- **Records to use**:
- Opening Delimiter -
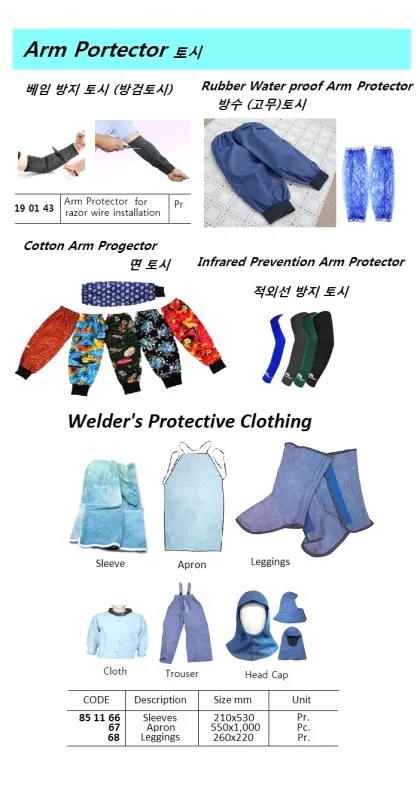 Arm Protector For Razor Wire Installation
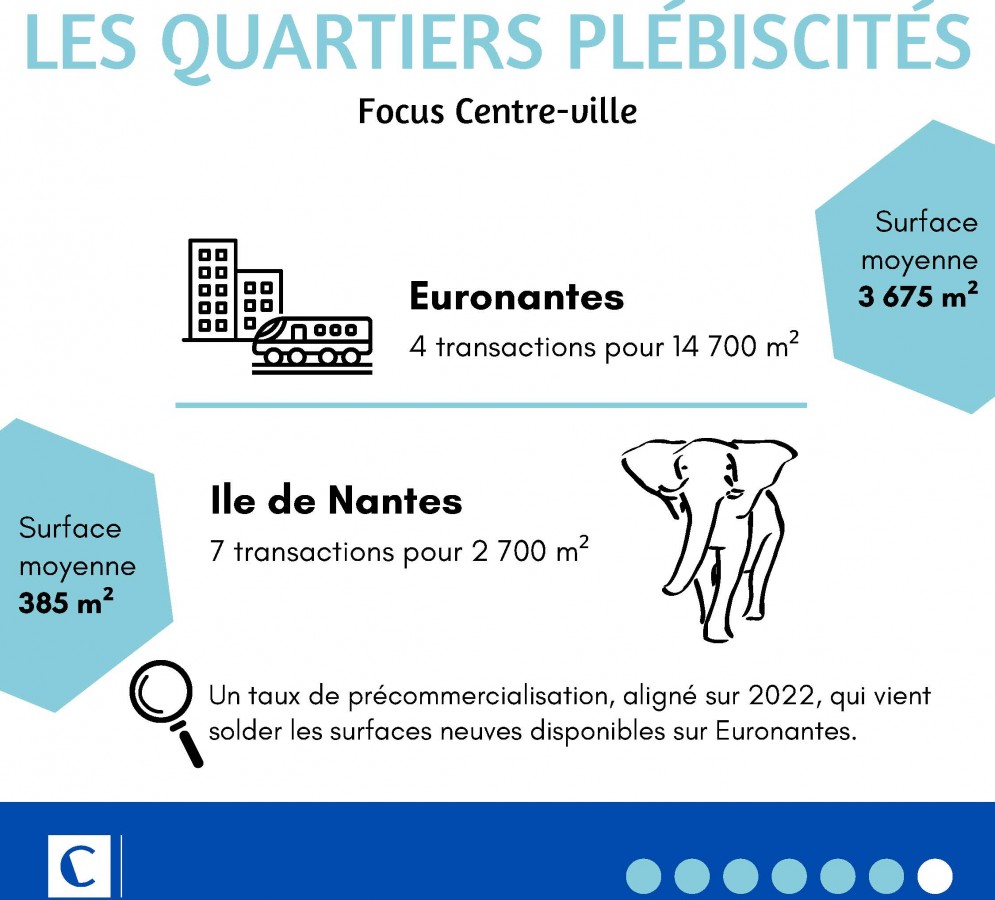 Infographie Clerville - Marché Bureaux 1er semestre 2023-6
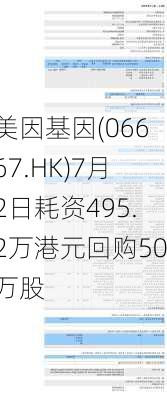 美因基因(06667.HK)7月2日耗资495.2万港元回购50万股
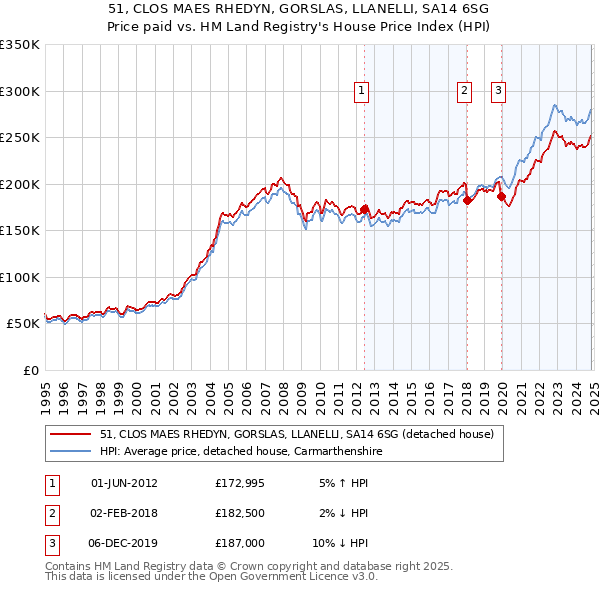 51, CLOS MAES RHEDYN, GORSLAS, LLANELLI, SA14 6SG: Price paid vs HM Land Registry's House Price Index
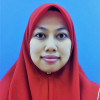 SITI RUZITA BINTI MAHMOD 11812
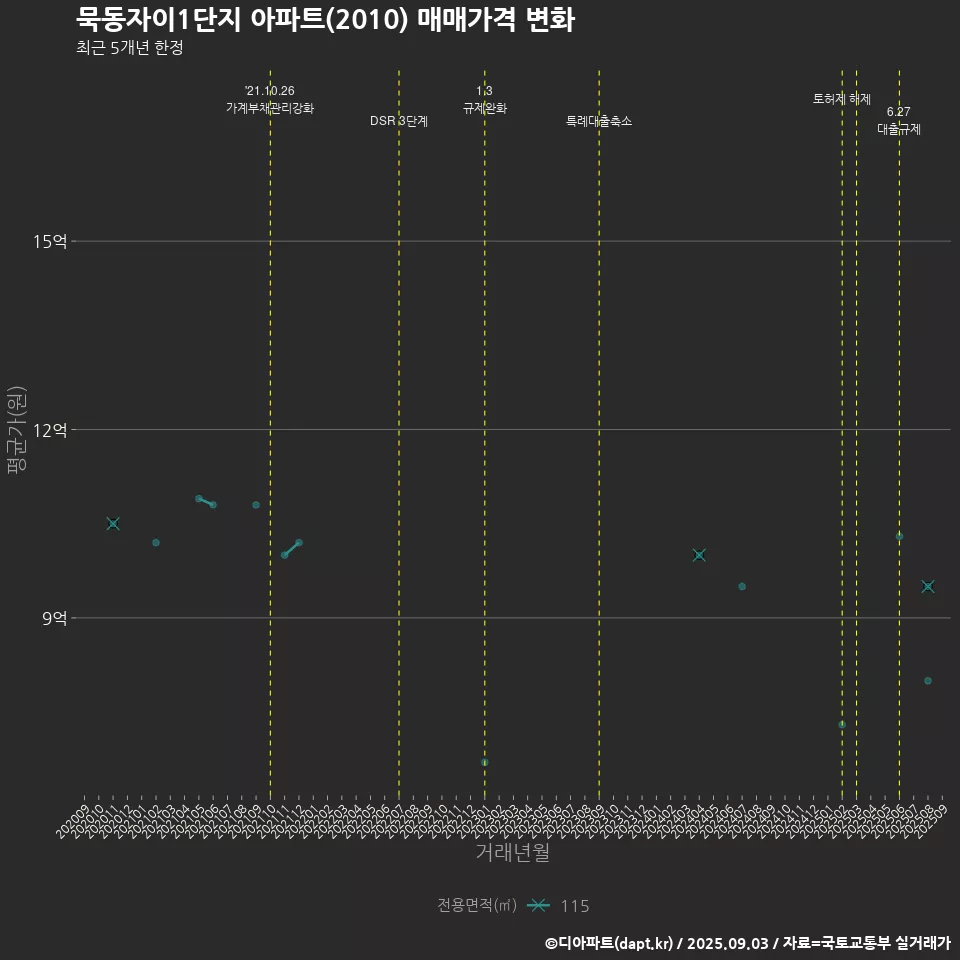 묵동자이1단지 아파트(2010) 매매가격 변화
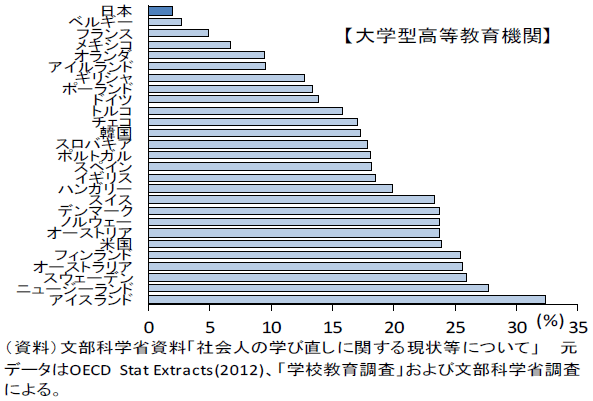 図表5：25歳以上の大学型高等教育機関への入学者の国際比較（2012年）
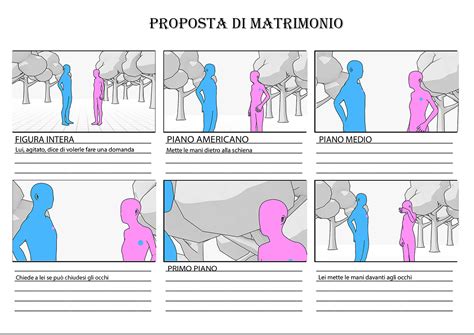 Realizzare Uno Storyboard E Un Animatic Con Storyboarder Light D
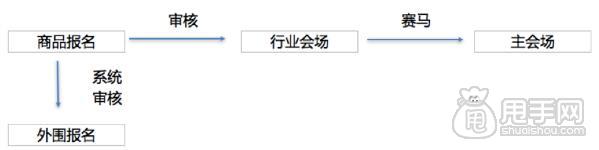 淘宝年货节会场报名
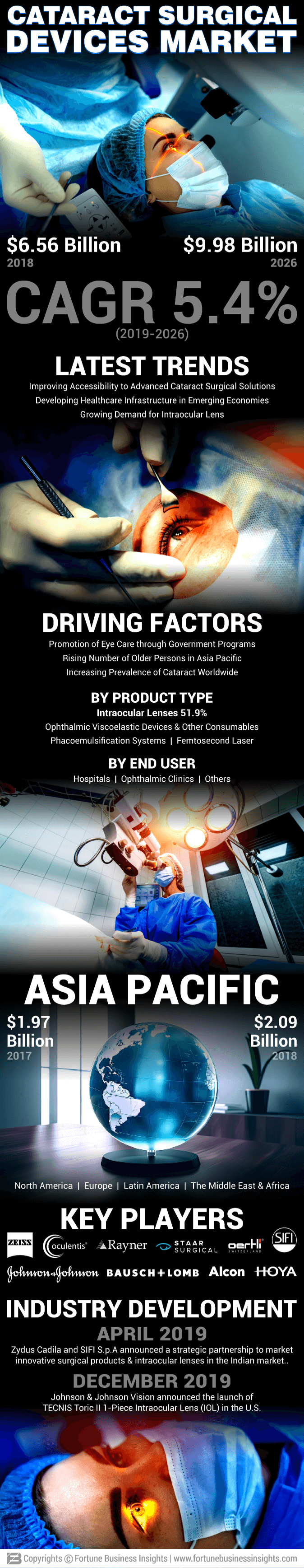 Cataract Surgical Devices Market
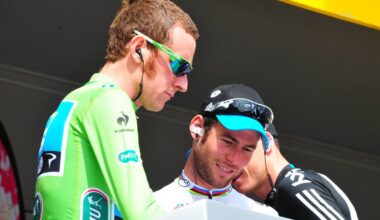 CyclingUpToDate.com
- Closing Delimiter -
- Opening Delimiter -
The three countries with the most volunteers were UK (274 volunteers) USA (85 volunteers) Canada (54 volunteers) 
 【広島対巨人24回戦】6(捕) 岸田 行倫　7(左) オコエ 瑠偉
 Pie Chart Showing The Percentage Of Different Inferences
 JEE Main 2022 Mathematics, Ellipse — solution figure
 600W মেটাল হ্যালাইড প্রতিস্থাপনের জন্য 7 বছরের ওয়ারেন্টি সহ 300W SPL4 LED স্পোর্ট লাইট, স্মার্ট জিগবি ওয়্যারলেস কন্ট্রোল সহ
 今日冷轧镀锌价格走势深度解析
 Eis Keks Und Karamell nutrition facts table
- Closing Delimiter -
- **Task**:
Beginning with the line above that contains "Arm Protector For Razor Wire Installation" and finishing with the line that contains "CyclingUpToDate.com", print those lines exactly and only. Skip all pictures.

- **Finished exercise**:
 Arm Protector For Razor Wire Installation
 Infographie Clerville - Marché Bureaux 1er semestre 2023-6
 美因基因(06667.HK)7月2日耗资495.2万港元回购50万股
 51, CLOS MAES RHEDYN, GORSLAS, LLANELLI, SA14 6SG: Price paid vs HM Land Registry's House Price Index
 SITI RUZITA BINTI MAHMOD 11812
 묵동자이1단지 아파트(2010) 매매가격 변화
 図表5：25歳以上の大学型高等教育機関への入学者の国際比較（2012年）
 Realizzare Uno Storyboard E Un Animatic Con Storyboarder Light D
 淘宝年货节会场报名
 Cataract Surgical Devices Market
 CyclingUpToDate.com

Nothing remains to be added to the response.